● Task brief
Without including any pictures, retype exactly the lines from the top of the records through the line containing "Rome - République", that final line included.

(Items from a data source)
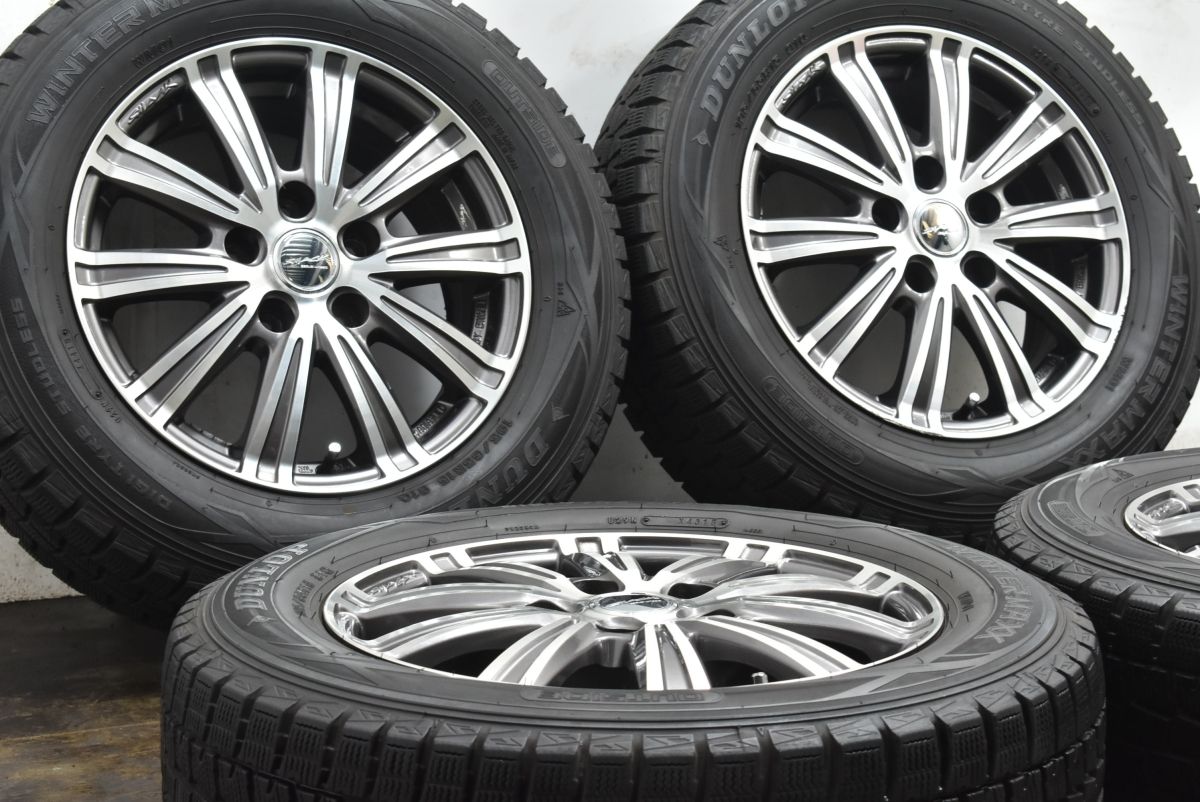 セレナ等に SMACK 15in 6J 45 PCD114.3 ダンロップ ウィンターマックス WM01 195 65R15 ノア ヴォクシー ステップワゴン プレマシー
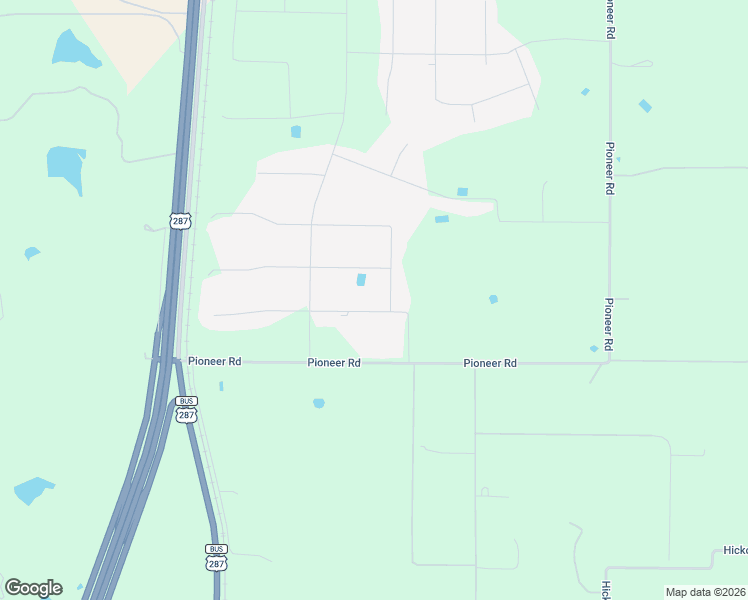 map of restaurants, bars, coffee shops, grocery stores, and more near 469 Pioneer Road in Rhome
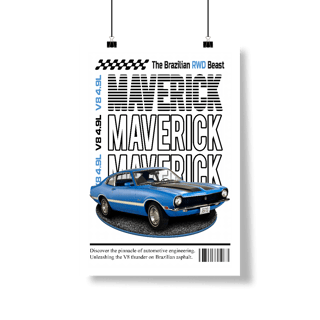 Nome do produto Poster Retrato - Maverick de Revista - STT016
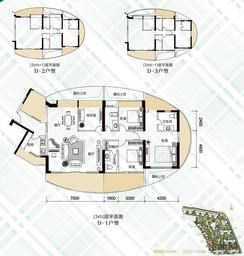 【D户型】4室2厅3卫1厨3阳台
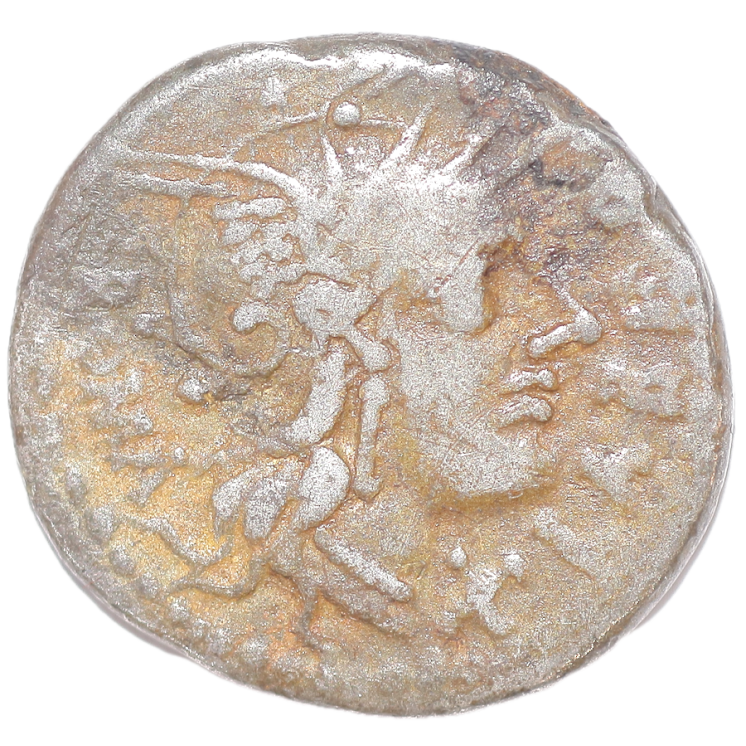 Rome - République Fabia (124 av J.C.), Denier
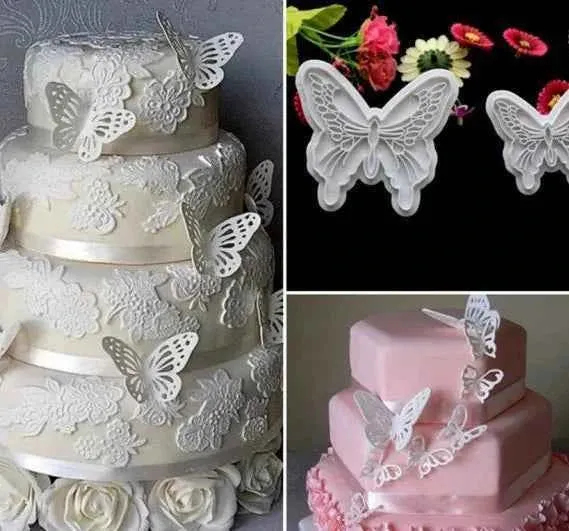 Farfalle decorate. Set di 2 stampi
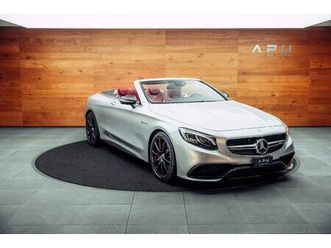 s 63 amg cabriolet 4matic speedshift mct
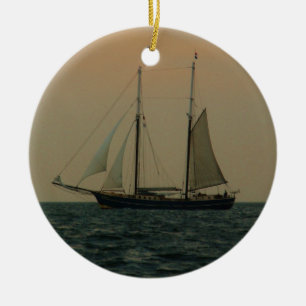 Ornement En Céramique Schooner historique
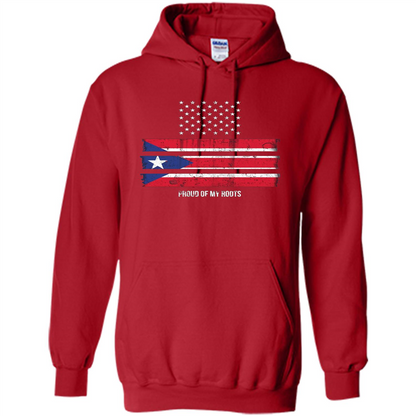 Puerto Rico USA Flag Pride T-Shirt Red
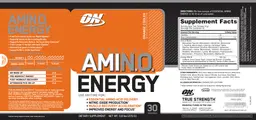 Label for Essential Amin.O. Energy Orange Cooler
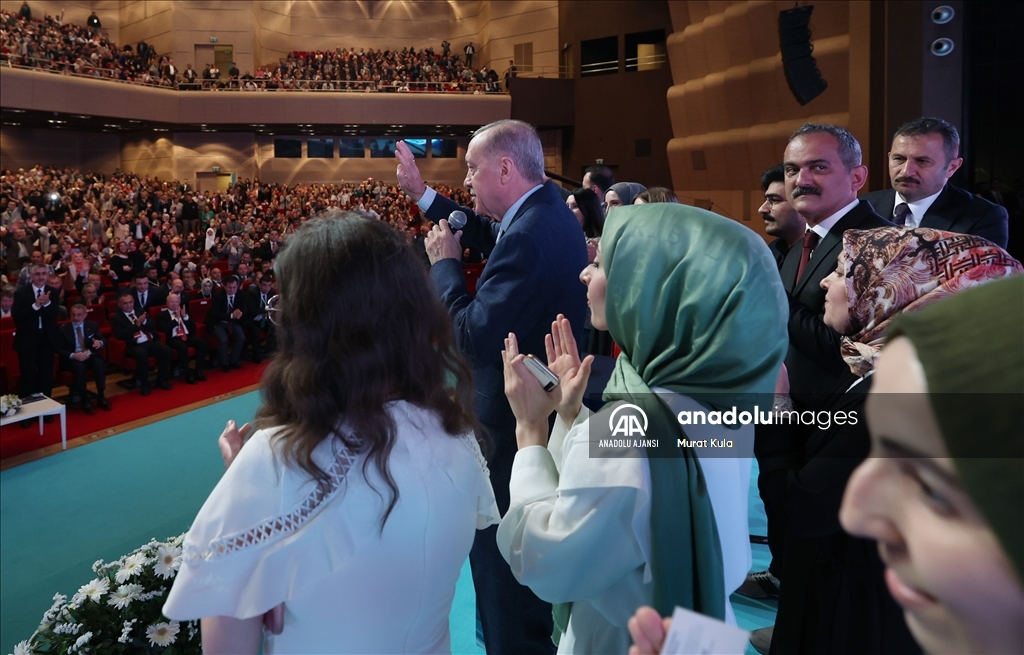 Cumhurbaşkanı Erdoğan, “45 bin Öğretmen Atama Programı”na katıldı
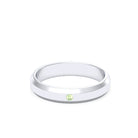 Bague Elisa Architecte biseautée en argent 950 – pierre fine ou précieuse au choix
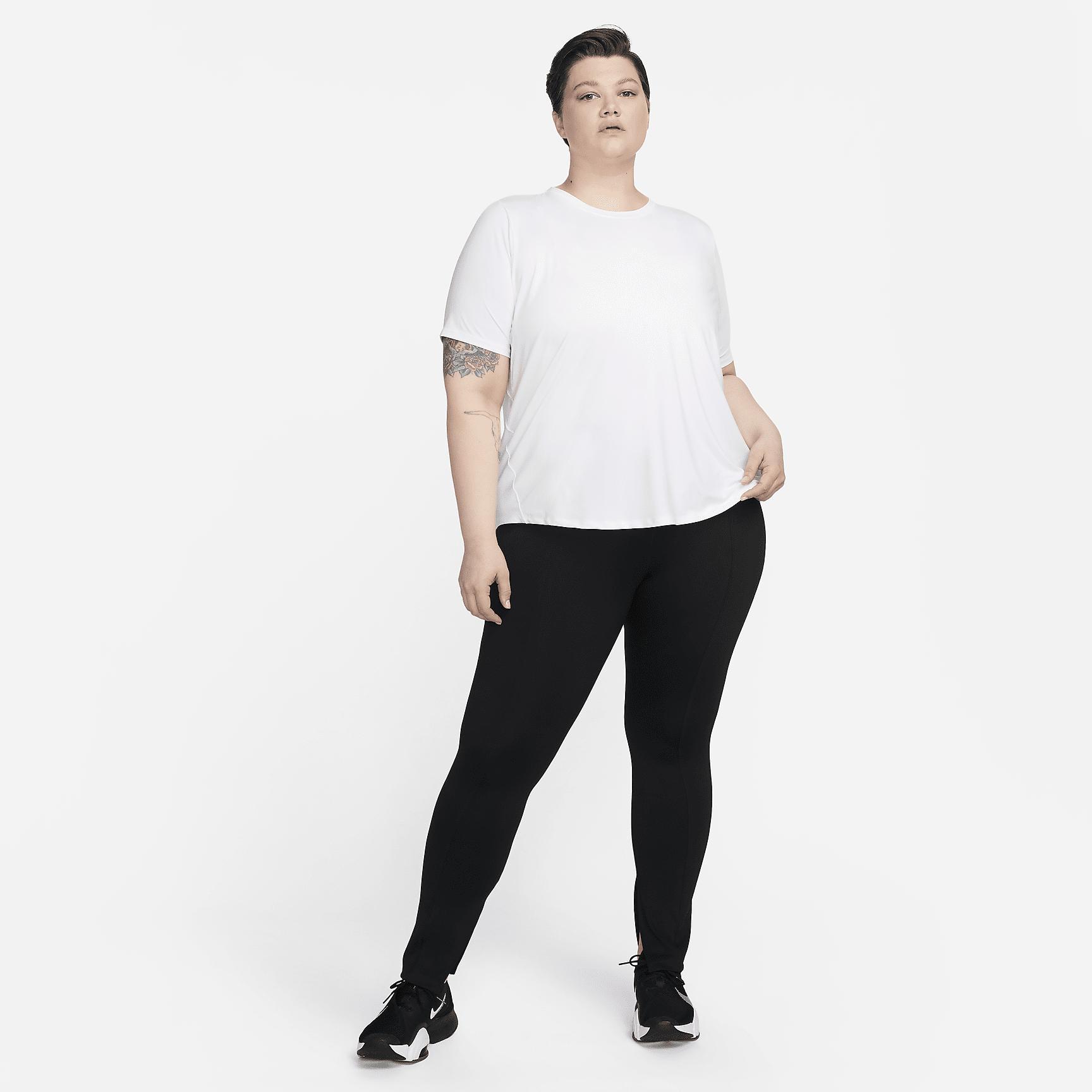 Nike Women's One Classic Dri-FIT Short-Sleeve Top (Plus Size) Product Image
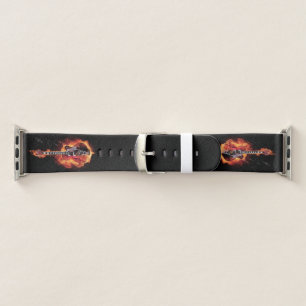 Flaming Guitar Apple Watch Band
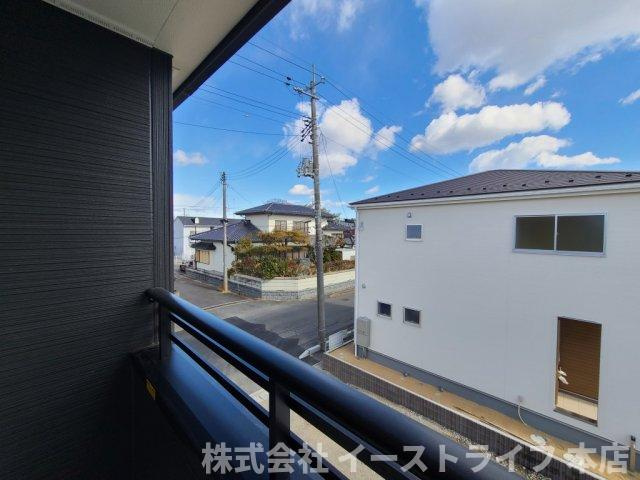 【新築戸建】　いわき市泉町5丁目第1の展望|1号棟写真　インナーバルコニーからの眺望です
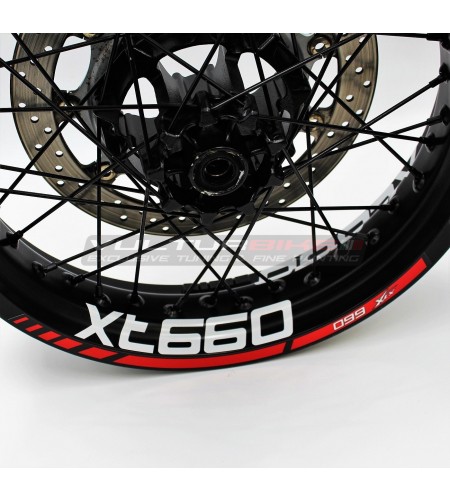Supermoto Rad Aufkleber - Yamaha XTX 660 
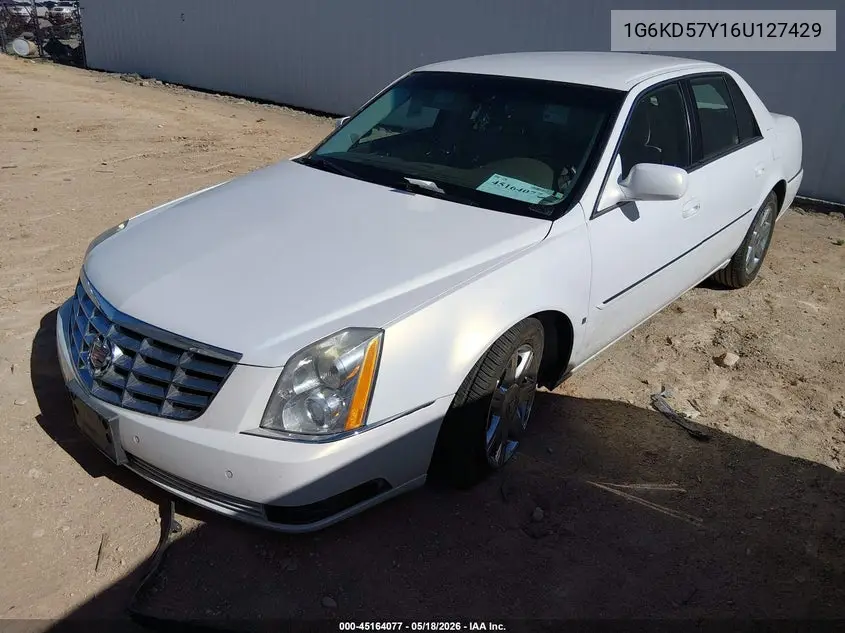 2006 Cadillac Dts Standard VIN: 1G6KD57Y16U127429 Lot: 45164077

● The completed task
 セレナ等に SMACK 15in 6J 45 PCD114.3 ダンロップ ウィンターマックス WM01 195 65R15 ノア ヴォクシー ステップワゴン プレマシー
 map of restaurants, bars, coffee shops, grocery stores, and more near 469 Pioneer Road in Rhome
 Nome do produto Poster Retrato - Maverick de Revista - STT016
 【D户型】4室2厅3卫1厨3阳台
 Rome - République Fabia (124 av J.C.), Denier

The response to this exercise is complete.